My baby. After 41 years, he’s still taking me places.

Paris – 6th Blog, La Rotonde

Tuesday, our 3rd day in Paris, Part 3

I’m almost tearfully grateful when Mike tells me, as we leave Place Saint-Michel, that we don’t have to walk to La Rotonde on Boulevard du Montparnasse for lunch, but can hop the Metro.  Euphoria!  We have walked miles today and I am more than ready to sit down. My legs and feet are wailing uncontrollably, “what are you DOING to me?? Stop it this instant!”  With his handy app, Mike knows right where the Metro is and which line we need to take to glide over a couple of arrondissements.  I feel so safe with him!  We walk down, down, and down the Metro steps and then up, up, and up again when we arrive at our stop.  Paris is one giant staircase, I swear!
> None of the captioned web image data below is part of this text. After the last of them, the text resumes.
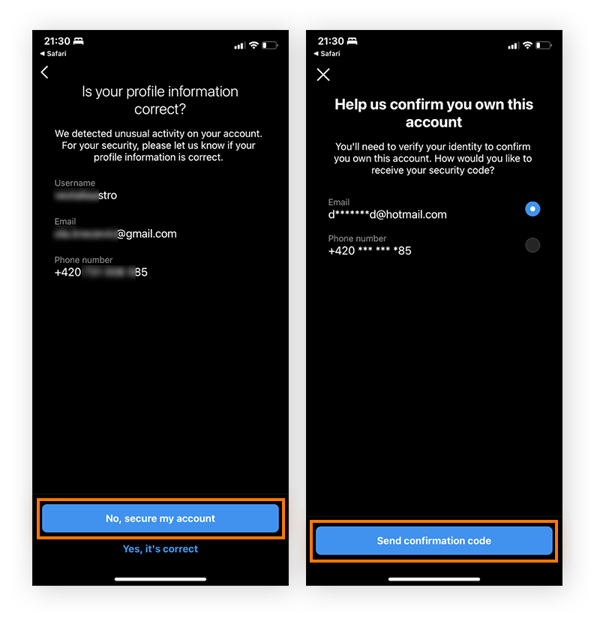 Como proteger sua conta do Instagram após uma atividade incomum.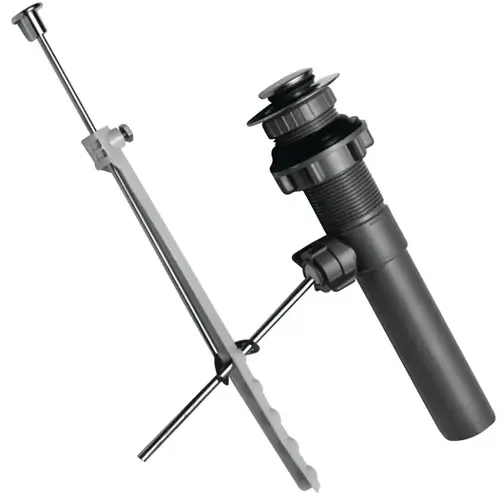 Pop-Up Assembly, Brass/Plastic, Chrome Pop-Up Assembly, Brass/Plastic, Chrome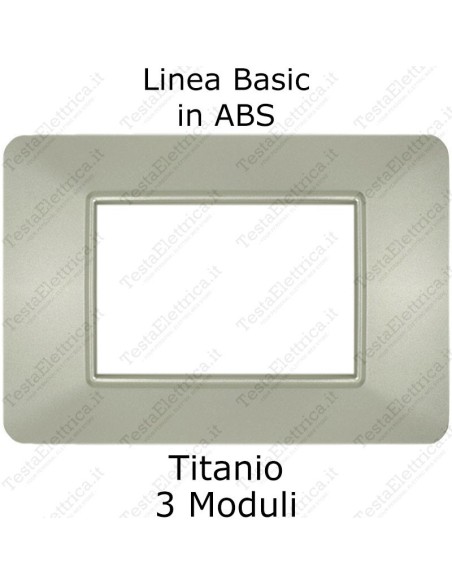 placca titanio compatibile vimar plana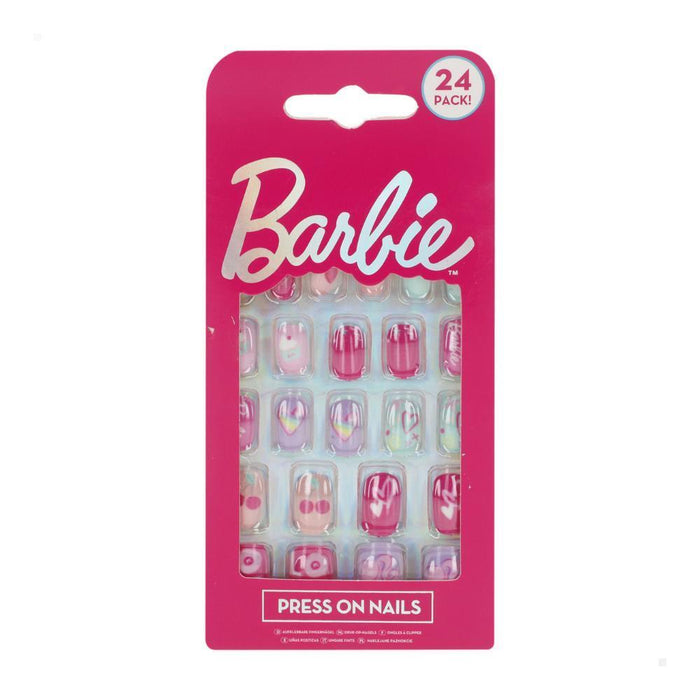 24 Unhas Adesivas Barbie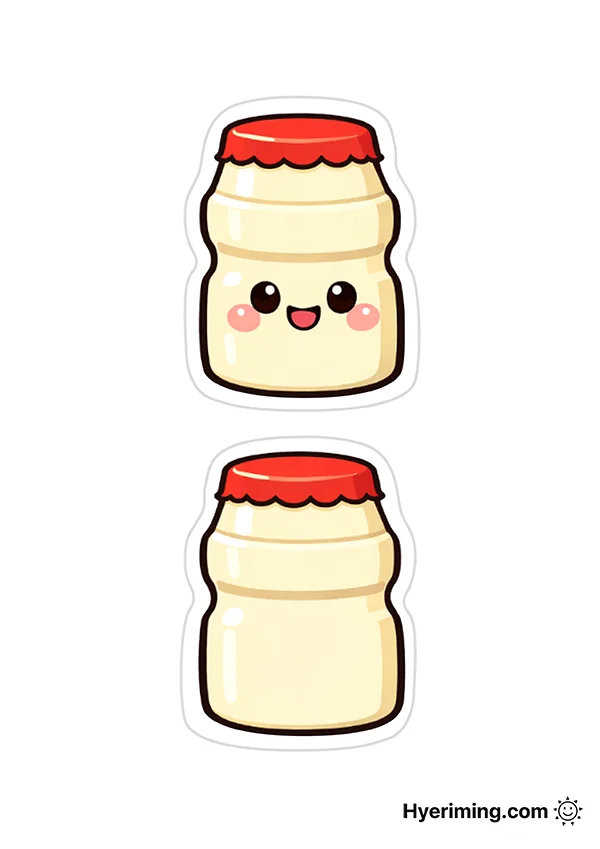 요구르트 종이 스퀴시 도안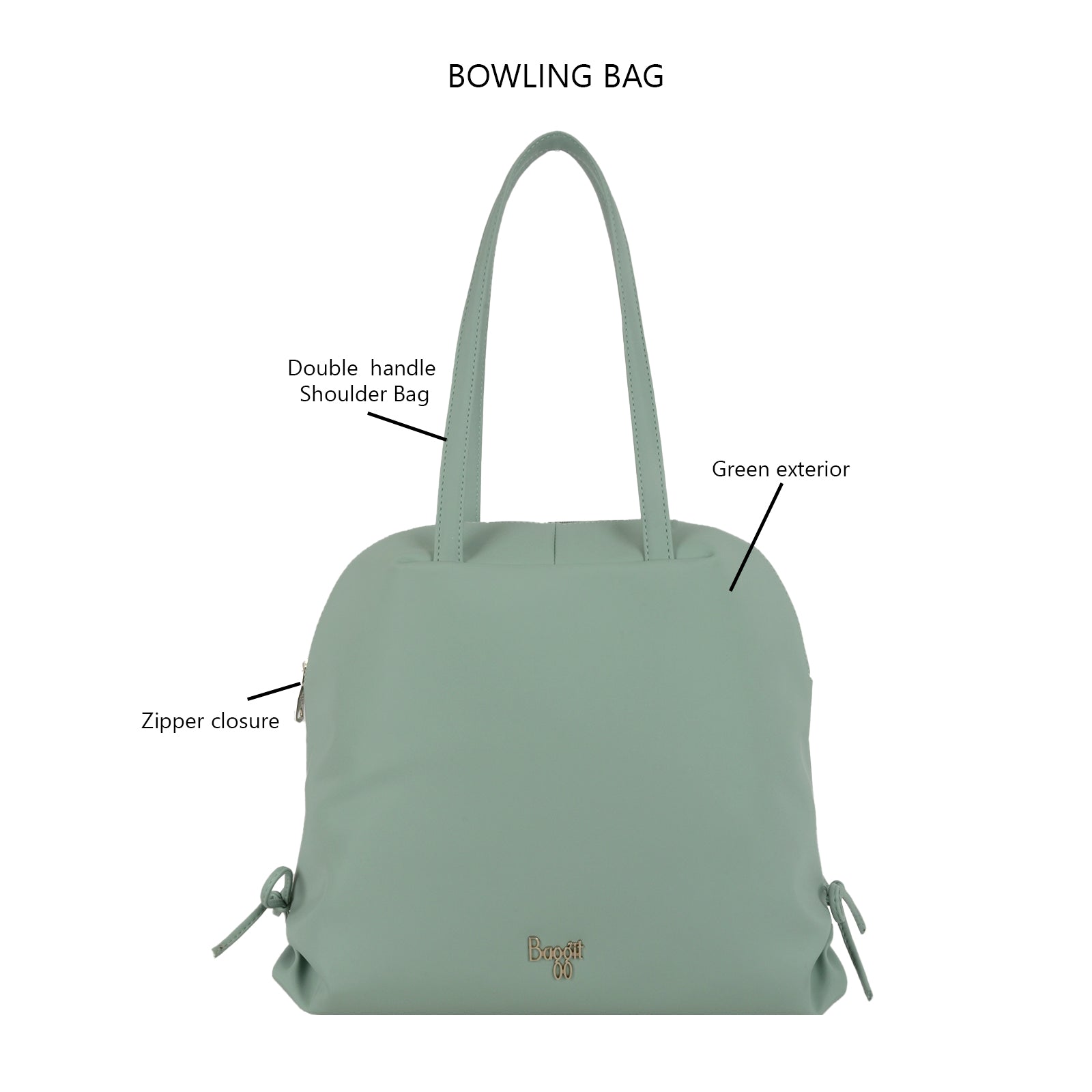 Swirl Green Large Bag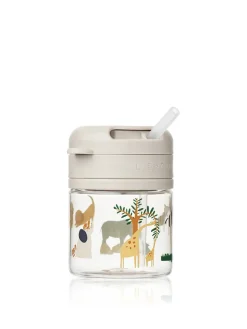 Pavia Tritan Straw Cup 280 ml, sea creature/sandy fra Liewood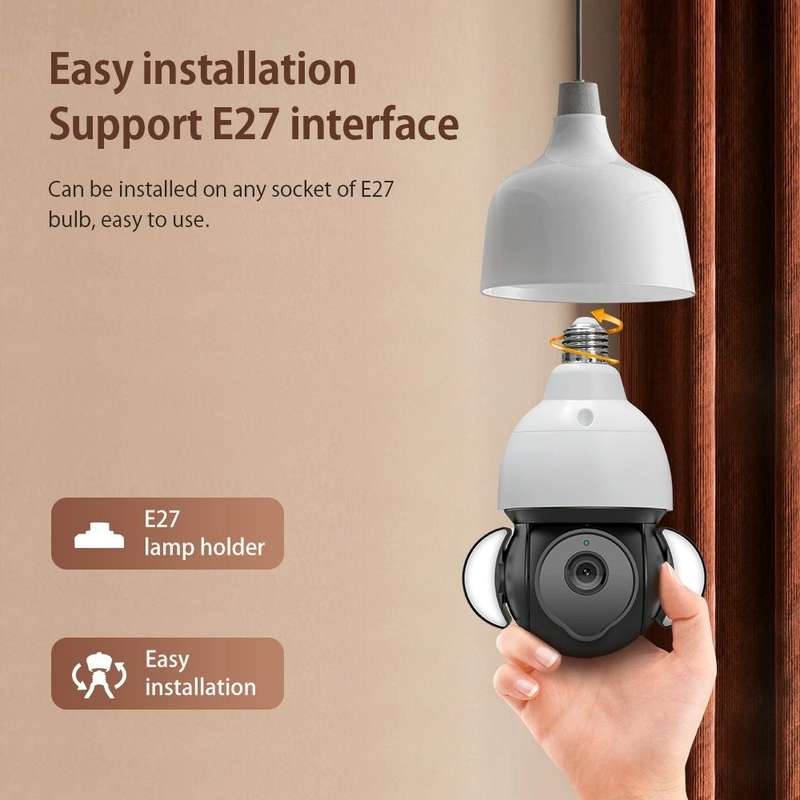 ST-426E-5MP-TY 5MP E27 Light Bulb Floodlight Camera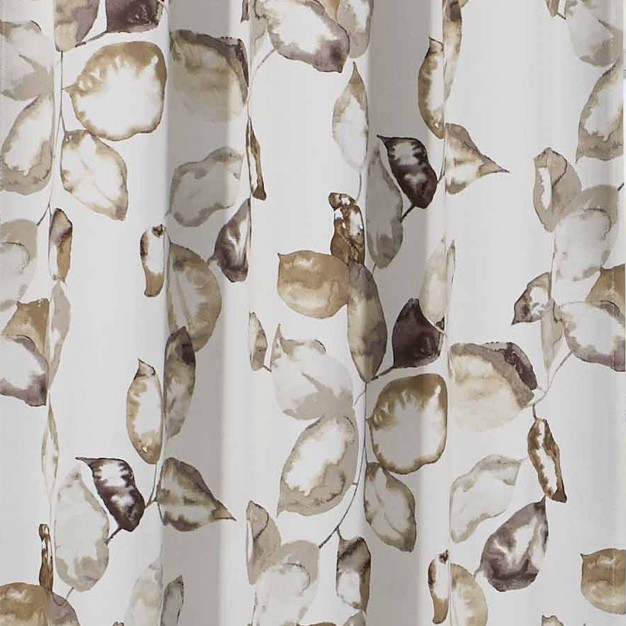 Blackout Floral Paige Thermaweave Curtain Panel Tan Eclipse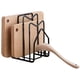 thumbnail image 1 of Soporte para tablas de cortar, soporte para tapas de ollas, organizador de tablas de cortar, estante para mostrador de cocina para sujetar tapas de ollas, platos, platos (negro) ACTIVE Biensenido a ACTIVE, 1 of 5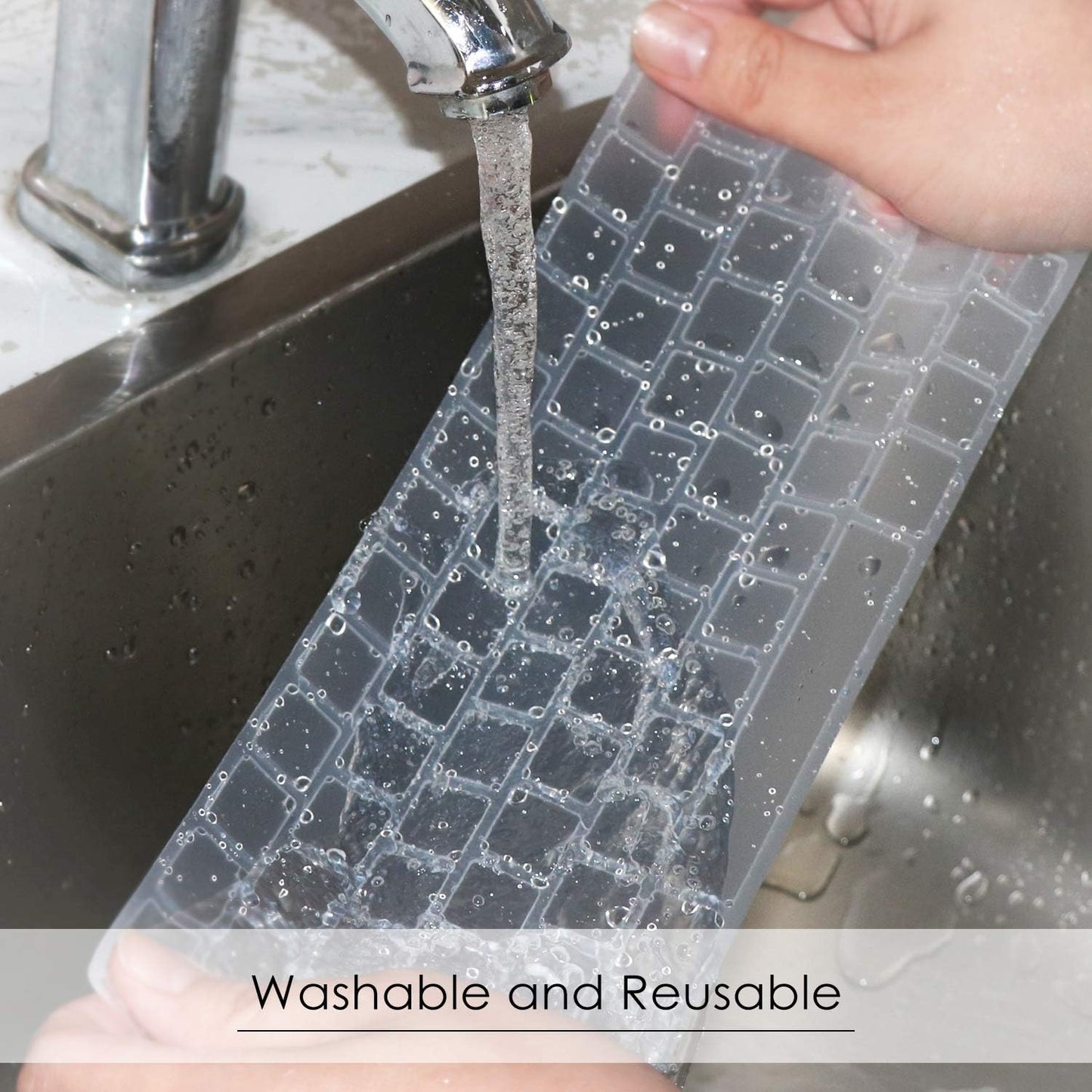 Allinside Transparent Cover for Apple Magic Keyboard (MLA22LL/A) with US Layout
Mike has built this lunch up to me, has saved especially for it, and I am keenly excited about this culinary adventure.  A stone’s throw from theaters of the Rue de la Gaîté, La Rotonde has been the incarnation of the very essence of the Parisian brasserie for over a century.

In Hemingway’s The Sun Also Rises, the character Jake Barnes states, “No matter what café in Montparnasse you ask a taxi driver to bring you to from the right bank of the river, they always take you to the Rotonde.”

Here’s Mike seated at our table with a tablecloth for lunch, while other customers enjoy a mid-day stop at bare tables for a café, bière, Cognac, or une verre de vin.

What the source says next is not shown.